The biggest 'marks' (i.e., the most compelling victims) are business-critical applications. Outages or any disruption are seriously bad for business. Such incidents compel the engineering team to uncover root causes, remediate the issue, and change processes to hopefully stop it recurring–as fast as possible.
Righting the routine wrongs on the mean streets of digital operations city
One trap a would-be detective can fall into, in the style of the maligned Inspector Lestrade, is to accidentally obliterate the evidence by restarting a downed device or redeploying a service. Whilst this hits the immediate need to get the business operational, it doesn't help create resiliency by allowing learnings to be created and errors blocked from repeating.
- Lesson: It's important not to be hasty. Improving operations requires an understanding of causes before taking action to remediate and fully improve a system.

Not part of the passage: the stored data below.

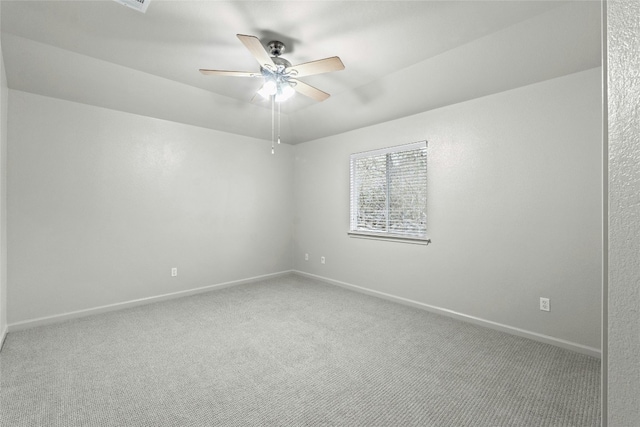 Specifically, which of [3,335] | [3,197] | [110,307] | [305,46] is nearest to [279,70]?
[305,46]

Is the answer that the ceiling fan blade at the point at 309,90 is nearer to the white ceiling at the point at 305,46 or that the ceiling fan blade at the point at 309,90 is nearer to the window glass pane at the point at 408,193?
the white ceiling at the point at 305,46

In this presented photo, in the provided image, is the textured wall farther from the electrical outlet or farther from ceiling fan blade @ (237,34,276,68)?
the electrical outlet

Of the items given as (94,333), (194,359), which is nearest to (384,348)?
(194,359)

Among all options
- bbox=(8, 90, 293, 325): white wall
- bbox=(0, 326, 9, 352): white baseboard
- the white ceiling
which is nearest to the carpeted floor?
bbox=(0, 326, 9, 352): white baseboard

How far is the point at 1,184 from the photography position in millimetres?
2768

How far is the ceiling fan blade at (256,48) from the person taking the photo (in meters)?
2.05

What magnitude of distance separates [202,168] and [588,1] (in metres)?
4.40

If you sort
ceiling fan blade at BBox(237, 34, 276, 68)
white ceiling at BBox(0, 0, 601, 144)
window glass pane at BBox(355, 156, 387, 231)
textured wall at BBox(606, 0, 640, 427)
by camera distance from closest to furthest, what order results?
textured wall at BBox(606, 0, 640, 427)
ceiling fan blade at BBox(237, 34, 276, 68)
white ceiling at BBox(0, 0, 601, 144)
window glass pane at BBox(355, 156, 387, 231)

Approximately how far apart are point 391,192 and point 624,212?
3.61m

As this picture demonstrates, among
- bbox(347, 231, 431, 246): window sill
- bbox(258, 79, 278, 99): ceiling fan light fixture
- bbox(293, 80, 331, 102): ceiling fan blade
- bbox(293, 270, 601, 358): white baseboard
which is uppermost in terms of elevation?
bbox(293, 80, 331, 102): ceiling fan blade

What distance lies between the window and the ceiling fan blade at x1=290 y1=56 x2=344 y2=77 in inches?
72.1

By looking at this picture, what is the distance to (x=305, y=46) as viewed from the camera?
272cm

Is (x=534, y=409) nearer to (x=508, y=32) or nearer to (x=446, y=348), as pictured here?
(x=446, y=348)

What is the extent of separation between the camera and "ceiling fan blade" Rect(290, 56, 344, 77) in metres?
2.28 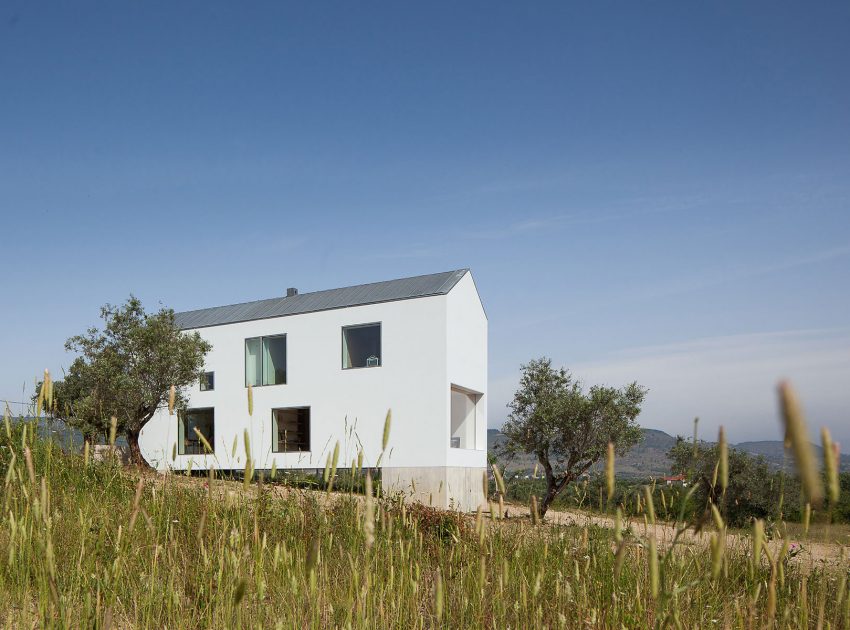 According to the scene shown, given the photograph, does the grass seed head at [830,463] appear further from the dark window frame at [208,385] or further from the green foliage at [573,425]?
the dark window frame at [208,385]

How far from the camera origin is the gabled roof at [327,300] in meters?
23.4

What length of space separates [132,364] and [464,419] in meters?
11.5

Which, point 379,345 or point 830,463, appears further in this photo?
point 379,345

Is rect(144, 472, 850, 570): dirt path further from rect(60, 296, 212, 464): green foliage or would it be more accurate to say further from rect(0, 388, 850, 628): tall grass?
rect(60, 296, 212, 464): green foliage

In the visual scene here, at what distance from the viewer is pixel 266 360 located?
26.1 metres

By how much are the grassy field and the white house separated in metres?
15.6

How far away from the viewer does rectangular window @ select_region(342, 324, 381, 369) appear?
23875mm

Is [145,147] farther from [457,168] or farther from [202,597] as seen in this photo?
[202,597]

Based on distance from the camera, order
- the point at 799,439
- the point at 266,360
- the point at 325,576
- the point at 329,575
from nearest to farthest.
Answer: the point at 799,439
the point at 325,576
the point at 329,575
the point at 266,360

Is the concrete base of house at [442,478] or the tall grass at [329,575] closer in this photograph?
the tall grass at [329,575]

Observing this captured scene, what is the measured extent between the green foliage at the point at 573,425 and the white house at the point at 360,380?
221cm

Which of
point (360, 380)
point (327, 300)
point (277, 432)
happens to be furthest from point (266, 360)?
point (360, 380)

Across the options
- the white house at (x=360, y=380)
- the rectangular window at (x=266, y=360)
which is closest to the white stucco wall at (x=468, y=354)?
the white house at (x=360, y=380)

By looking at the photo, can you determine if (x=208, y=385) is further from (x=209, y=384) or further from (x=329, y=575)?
(x=329, y=575) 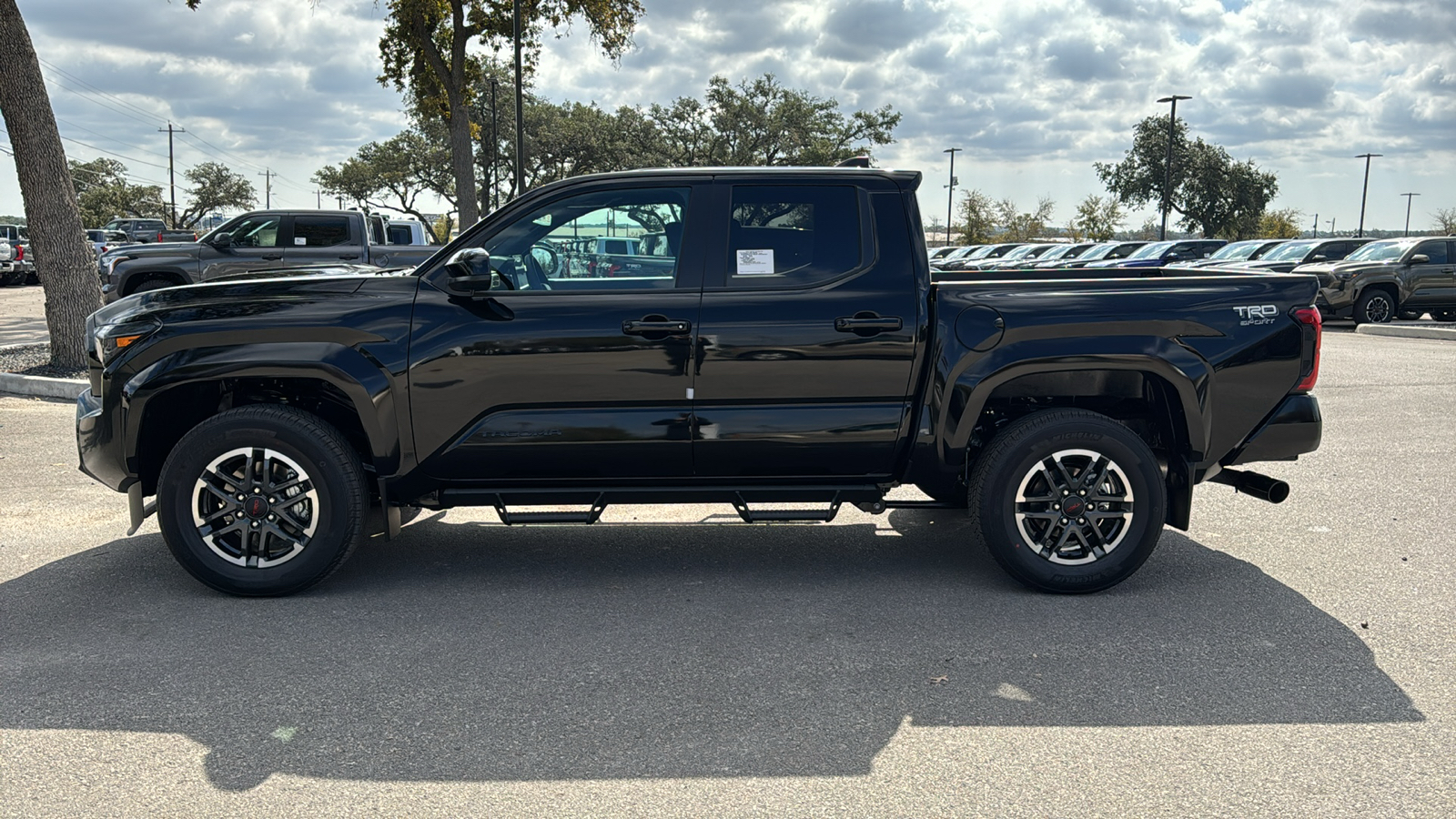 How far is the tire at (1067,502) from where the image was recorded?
16.4 ft

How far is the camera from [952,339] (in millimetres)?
4980

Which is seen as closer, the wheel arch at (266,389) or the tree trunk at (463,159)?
the wheel arch at (266,389)

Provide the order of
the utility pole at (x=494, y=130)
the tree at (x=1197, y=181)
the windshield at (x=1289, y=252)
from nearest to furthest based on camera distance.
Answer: the windshield at (x=1289, y=252) → the utility pole at (x=494, y=130) → the tree at (x=1197, y=181)

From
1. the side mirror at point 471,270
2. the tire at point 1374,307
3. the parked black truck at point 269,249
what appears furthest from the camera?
the tire at point 1374,307

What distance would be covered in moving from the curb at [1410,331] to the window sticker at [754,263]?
17446mm

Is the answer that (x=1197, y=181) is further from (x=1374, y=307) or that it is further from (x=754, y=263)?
(x=754, y=263)

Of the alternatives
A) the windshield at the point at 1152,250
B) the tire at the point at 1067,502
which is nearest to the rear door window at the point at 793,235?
the tire at the point at 1067,502

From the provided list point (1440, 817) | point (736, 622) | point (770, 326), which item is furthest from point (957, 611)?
point (1440, 817)

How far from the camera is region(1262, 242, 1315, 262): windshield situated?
83.4ft

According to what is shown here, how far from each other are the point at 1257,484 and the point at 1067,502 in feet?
3.12

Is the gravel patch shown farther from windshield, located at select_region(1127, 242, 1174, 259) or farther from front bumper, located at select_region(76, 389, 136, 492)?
windshield, located at select_region(1127, 242, 1174, 259)

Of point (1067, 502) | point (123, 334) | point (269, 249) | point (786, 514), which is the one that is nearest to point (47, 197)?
point (269, 249)

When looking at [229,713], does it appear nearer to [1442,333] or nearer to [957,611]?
[957,611]

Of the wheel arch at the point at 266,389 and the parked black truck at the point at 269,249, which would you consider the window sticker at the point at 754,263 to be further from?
the parked black truck at the point at 269,249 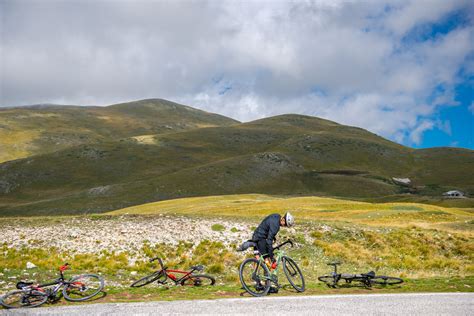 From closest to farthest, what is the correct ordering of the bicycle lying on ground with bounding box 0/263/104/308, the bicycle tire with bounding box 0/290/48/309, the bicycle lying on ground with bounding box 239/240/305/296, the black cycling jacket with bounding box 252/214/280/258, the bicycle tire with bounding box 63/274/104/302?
the bicycle tire with bounding box 0/290/48/309 < the bicycle lying on ground with bounding box 0/263/104/308 < the bicycle tire with bounding box 63/274/104/302 < the bicycle lying on ground with bounding box 239/240/305/296 < the black cycling jacket with bounding box 252/214/280/258

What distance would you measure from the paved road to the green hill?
8735 centimetres

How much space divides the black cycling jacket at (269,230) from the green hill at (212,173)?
3460 inches

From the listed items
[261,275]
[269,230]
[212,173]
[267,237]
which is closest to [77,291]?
[261,275]

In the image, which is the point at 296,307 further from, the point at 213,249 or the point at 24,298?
the point at 213,249

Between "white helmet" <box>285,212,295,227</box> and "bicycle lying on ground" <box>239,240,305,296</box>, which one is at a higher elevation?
"white helmet" <box>285,212,295,227</box>

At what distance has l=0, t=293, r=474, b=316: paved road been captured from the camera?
38.6ft

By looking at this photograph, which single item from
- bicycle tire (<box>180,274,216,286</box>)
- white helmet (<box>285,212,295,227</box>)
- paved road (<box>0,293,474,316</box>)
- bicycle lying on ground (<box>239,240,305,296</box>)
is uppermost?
white helmet (<box>285,212,295,227</box>)

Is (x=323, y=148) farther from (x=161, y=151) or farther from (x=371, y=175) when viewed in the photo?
(x=161, y=151)

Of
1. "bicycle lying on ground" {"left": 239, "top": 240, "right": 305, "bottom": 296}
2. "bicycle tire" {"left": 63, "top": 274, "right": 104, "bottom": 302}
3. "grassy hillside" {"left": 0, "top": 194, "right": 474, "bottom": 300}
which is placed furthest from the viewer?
"grassy hillside" {"left": 0, "top": 194, "right": 474, "bottom": 300}

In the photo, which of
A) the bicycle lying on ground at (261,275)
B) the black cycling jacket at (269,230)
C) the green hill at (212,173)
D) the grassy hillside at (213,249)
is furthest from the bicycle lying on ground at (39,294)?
the green hill at (212,173)

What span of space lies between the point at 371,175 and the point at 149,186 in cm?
8879

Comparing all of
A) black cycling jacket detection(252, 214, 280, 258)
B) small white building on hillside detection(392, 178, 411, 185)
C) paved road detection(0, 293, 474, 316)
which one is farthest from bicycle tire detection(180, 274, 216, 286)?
small white building on hillside detection(392, 178, 411, 185)

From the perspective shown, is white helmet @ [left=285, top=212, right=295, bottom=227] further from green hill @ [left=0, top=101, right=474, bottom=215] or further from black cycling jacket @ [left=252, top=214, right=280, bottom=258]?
green hill @ [left=0, top=101, right=474, bottom=215]

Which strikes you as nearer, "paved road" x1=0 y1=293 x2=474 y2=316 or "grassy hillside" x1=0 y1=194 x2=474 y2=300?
"paved road" x1=0 y1=293 x2=474 y2=316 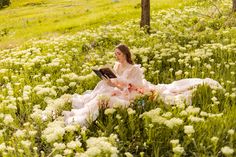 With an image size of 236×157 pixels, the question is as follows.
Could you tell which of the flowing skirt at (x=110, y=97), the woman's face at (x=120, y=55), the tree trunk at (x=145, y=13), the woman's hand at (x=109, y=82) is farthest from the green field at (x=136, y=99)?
the woman's hand at (x=109, y=82)

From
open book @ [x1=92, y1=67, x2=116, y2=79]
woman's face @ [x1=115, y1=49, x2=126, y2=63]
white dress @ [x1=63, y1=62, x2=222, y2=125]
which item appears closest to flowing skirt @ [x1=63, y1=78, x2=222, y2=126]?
white dress @ [x1=63, y1=62, x2=222, y2=125]

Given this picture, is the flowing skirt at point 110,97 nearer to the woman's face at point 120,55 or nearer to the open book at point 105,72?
the open book at point 105,72

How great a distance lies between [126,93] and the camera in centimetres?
1030

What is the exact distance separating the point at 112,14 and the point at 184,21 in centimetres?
871

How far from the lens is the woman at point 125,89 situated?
9.66m

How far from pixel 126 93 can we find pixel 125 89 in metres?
0.13

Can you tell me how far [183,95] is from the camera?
33.2ft

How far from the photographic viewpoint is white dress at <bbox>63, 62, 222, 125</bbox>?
31.3ft

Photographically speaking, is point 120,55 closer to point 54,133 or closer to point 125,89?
point 125,89

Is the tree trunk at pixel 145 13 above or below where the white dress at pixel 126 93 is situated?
above

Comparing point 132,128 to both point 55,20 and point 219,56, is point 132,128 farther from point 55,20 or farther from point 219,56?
point 55,20

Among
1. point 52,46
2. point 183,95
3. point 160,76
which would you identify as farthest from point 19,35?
point 183,95

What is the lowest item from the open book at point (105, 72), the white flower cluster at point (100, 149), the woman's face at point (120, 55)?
the white flower cluster at point (100, 149)

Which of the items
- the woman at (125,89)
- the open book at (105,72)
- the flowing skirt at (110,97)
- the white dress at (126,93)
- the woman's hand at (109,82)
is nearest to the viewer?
the flowing skirt at (110,97)
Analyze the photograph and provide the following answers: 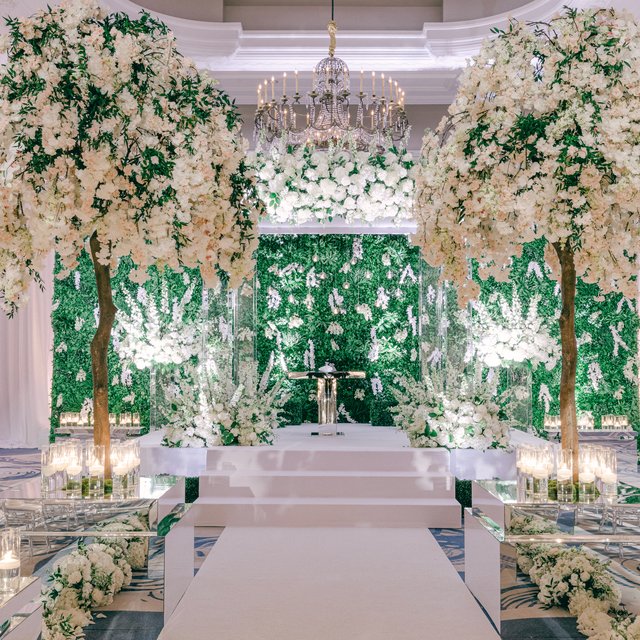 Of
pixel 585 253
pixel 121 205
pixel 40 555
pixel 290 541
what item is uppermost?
pixel 121 205

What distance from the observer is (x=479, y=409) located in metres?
6.75

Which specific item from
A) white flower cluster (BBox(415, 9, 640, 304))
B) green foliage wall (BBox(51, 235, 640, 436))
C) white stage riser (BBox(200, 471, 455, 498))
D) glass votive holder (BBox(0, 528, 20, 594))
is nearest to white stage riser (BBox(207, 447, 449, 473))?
white stage riser (BBox(200, 471, 455, 498))

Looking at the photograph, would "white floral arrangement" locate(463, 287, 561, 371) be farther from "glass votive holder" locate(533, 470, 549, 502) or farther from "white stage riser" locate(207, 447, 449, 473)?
"glass votive holder" locate(533, 470, 549, 502)

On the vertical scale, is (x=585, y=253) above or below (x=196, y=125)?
below

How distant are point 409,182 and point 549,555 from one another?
5265mm

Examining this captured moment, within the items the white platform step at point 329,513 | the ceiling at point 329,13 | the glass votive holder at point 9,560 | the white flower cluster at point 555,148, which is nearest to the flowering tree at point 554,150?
the white flower cluster at point 555,148

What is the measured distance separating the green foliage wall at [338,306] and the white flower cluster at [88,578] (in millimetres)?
6007

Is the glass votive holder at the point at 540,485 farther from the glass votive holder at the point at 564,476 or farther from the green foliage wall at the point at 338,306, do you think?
the green foliage wall at the point at 338,306

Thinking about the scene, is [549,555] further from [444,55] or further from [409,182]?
[444,55]

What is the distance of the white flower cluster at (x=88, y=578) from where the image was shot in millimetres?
3137

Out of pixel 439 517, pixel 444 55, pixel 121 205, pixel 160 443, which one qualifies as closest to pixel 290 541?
pixel 439 517

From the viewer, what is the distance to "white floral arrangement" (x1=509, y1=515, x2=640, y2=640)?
337 centimetres

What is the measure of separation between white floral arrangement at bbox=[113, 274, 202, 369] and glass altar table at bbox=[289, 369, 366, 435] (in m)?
1.36

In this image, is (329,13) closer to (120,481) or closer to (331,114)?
(331,114) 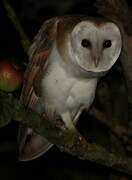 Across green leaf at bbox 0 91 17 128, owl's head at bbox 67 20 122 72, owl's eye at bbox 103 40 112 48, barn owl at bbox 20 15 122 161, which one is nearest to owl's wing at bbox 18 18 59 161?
barn owl at bbox 20 15 122 161

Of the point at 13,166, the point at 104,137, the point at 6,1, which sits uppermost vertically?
the point at 6,1

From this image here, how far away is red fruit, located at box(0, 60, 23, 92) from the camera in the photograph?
218cm

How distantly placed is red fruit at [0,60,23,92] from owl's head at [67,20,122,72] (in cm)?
34

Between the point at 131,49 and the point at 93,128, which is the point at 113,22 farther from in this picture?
the point at 93,128

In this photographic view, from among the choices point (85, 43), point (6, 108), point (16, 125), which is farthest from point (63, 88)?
point (16, 125)

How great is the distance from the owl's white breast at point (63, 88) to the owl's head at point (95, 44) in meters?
0.09

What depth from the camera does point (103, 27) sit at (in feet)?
7.95

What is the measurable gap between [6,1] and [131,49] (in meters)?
0.63

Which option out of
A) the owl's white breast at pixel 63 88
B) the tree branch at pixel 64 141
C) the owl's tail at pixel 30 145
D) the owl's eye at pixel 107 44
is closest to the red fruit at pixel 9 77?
the tree branch at pixel 64 141

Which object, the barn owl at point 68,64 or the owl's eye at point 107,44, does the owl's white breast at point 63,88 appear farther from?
the owl's eye at point 107,44

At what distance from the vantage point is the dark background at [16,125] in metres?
2.99

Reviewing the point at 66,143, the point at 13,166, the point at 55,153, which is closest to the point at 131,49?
the point at 66,143

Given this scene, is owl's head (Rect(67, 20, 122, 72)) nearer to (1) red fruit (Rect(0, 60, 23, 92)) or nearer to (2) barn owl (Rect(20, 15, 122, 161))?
(2) barn owl (Rect(20, 15, 122, 161))

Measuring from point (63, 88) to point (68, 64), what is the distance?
0.43 ft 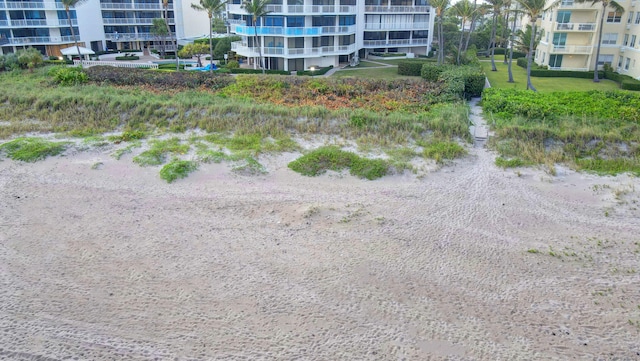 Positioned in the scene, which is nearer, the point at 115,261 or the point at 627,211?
the point at 115,261

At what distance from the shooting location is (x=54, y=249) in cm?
1411

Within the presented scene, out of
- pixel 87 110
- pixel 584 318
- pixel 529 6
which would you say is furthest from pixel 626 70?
pixel 87 110

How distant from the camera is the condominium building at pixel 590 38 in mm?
43031

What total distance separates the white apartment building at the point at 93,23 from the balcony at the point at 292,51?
19531 mm

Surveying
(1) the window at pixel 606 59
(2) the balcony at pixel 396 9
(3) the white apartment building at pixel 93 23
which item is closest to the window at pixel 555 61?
(1) the window at pixel 606 59

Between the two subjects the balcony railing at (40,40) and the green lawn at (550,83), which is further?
the balcony railing at (40,40)

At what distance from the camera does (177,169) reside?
19359 millimetres

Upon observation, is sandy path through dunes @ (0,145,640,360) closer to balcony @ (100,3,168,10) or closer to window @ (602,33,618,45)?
window @ (602,33,618,45)

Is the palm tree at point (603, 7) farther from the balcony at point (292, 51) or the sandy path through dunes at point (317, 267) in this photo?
the sandy path through dunes at point (317, 267)

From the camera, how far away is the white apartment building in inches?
2096

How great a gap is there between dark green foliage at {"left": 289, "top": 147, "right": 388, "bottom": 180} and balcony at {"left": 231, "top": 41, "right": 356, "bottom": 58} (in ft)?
92.4

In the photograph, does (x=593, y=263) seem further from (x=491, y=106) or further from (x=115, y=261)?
(x=491, y=106)

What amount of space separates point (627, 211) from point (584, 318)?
700cm

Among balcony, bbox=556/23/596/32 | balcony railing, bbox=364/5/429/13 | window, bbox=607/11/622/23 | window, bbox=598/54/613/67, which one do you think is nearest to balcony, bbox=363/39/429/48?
balcony railing, bbox=364/5/429/13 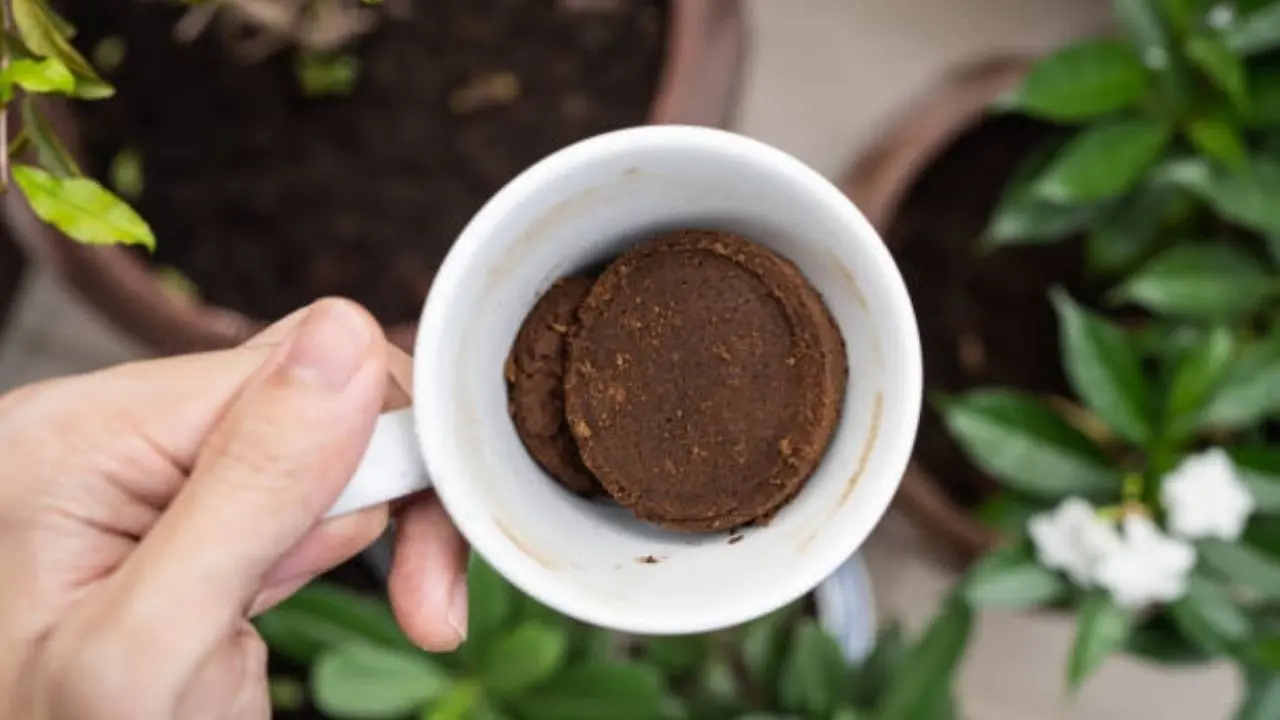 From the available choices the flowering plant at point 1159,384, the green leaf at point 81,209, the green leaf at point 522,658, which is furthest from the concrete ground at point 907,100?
the green leaf at point 81,209

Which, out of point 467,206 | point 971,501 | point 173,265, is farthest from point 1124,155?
point 173,265

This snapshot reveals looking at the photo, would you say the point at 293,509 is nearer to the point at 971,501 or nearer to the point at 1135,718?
the point at 971,501

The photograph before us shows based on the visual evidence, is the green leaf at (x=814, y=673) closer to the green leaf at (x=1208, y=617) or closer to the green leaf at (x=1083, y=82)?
the green leaf at (x=1208, y=617)

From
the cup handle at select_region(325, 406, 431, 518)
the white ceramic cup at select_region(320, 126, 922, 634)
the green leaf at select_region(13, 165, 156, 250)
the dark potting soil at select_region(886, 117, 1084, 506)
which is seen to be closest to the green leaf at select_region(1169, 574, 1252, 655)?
the dark potting soil at select_region(886, 117, 1084, 506)

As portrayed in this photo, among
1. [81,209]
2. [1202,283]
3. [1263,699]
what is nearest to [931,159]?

In fiction, the detective is often put upon to find a culprit, any culprit, fast. So digital operations teams will always face a tension between the urgent request to restore services quickly and the best practice of uncovering the evidence to identify an incident's code-level root causes. Whereas the hardboiled sleuth relies on their tarnished conscience and overactive mind to do the right thing, engineers rely on monitoring tools.
However, not all monitoring solutions support this use case. Configuration or code-level issues may well be uncovered with observability tools. Yet developers may require even more granular data beyond the scope of such tools. They often don't look for debug-level data because it may not be needed either for alerting or restoring services.
- Lesson: Clues like stack traces, top resource-consuming database queries, and heap, thread, and TCP-dumps often act like a fingerprint, leading to the guilty party. Operations teams must use the right tools to gather these before they are lost–and whilst services are being restored.
The wise engineer learns to only accept the evidence in front of them, and not leap to conclusions. Here are simple rules to follow in the footsteps of the best investigators:
- Making a hasty determination on a root cause can create further problems that lengthen an incident, wasting time.
- Document the steps taken during investigation and remediation. Someone else may need to follow the evidence trail.
- Log incidents and outcomes. A lack of insight and detail into whether issues have occurred before hides useful context from tomorrow's responders.
When the mean streets get meaner
Two advances hinder our engineering investigations, adding more drama to these pressures: Containerised applications and container orchestration. Such microservice architectures provide faster methods to restore availability, such as when redeploying a pod. Also, there are a smaller number of debugging utilities to use in containerised environments: Developers want to reduce the area of their images.
Ideally, to balance the needs of knowledge vs action, operations teams will make use of technologies that take instant action to capture and keep evidence as it also restores business operations.
What to do when you find the 'smoking gun' (debug state capture)
When the crime takes place (during the incident):
- The authorities are called (the issue is detected)
- The evidence is collected for analysis (retrieval of debug evidence)
- Evidence is put into custody, ready for the later courtroom drama (securely persist debug evidence)
- The crime scene police report back to HQ (they post a link in PagerDuty, Jira, Slack, etc.)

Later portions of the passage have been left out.